If I may,how have you finetuned the network?
It's simple. For the network computing CAMs, the backbone and the newly added layer (the final fully connected layer for classification) are simultaneously trained, but the latter receives a 10x learning rate of the backbone does. This is a common training scheme of using imagenet pretrained weights. You can check the details in train_cls.py or train_aff.py file in this repository.
Got it. Thanks !
This may sound very foolish to you, but if you don't mind answering. I run the train_cls.py as mentioned in the readme, but it requires pretrained model weights as arguments, now say that I want to generate CAMs on some other dataset, so I just need to remove weights as a mandatory argument and train the model and save the weights right? I don't have a gpu, so it is taking like forever to test any of my hypothesis, so I thought better to ask you!
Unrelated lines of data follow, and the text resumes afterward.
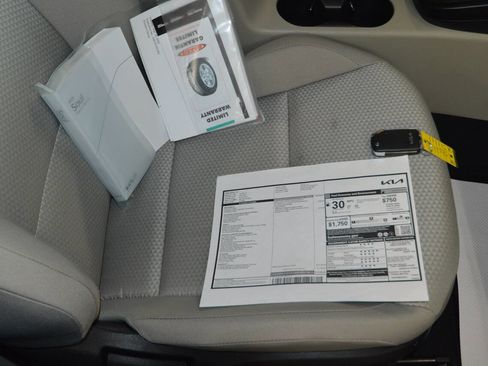 Used 2025 Kia Soul LX FWD image 6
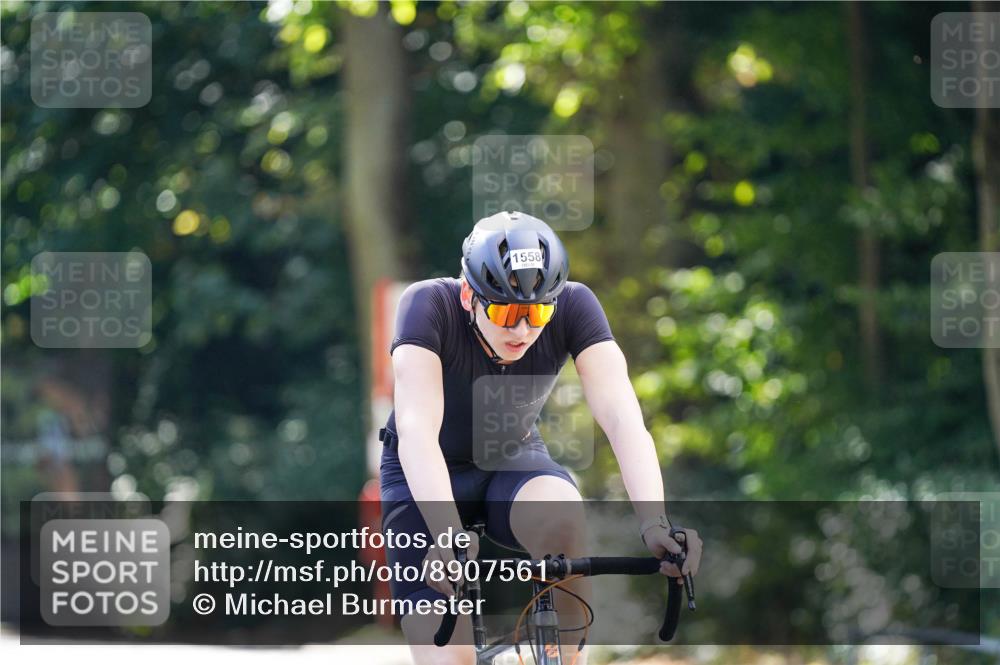 14.09.2025 - Stadtparktriathlon Michael Burmester http://msf.ph/oto/8907561 14.09.2025 13:41:36 Radfahren 1422, 1538, 1558 meine-sportfotos.de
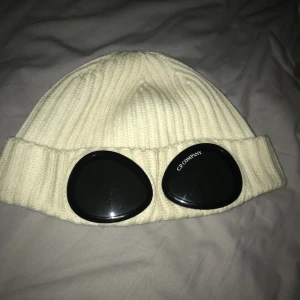 CP COMPANY mössa - Säljer nu min cp company mössa i vit färg, bra skick men använd därav priset. Skulle säga 7/10. Fullt äkta med bevis inuti samt den andra lappen som hänger med. Pm för fler frågor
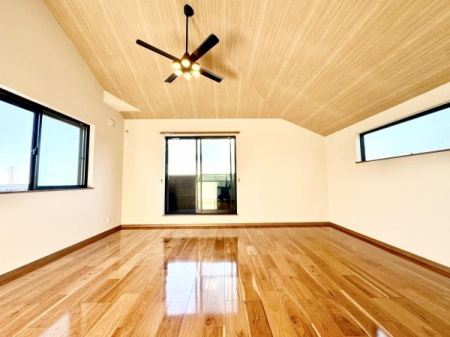 ���r���O�@-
In my opinion, it depends on your environment. You can give it a try, but I don't recommend to go without pre-trained weights if the dataset does not have more than 100k images and answers.
Was there any specific reason for using pre-trained weights in caffe, you could have used pytorch weights!
Using caffe weights can be hard. But those weights are not mine, and I think it is inappropriate of me to modify it my own purpose. Sorry for the inconvenience.
hi @jiwoon-ahn @hardBird123 , I wanted to know if you trained the vgg16 model from scratch or used a imagenet pre-trained model and used only specific layers of it for training on voc12?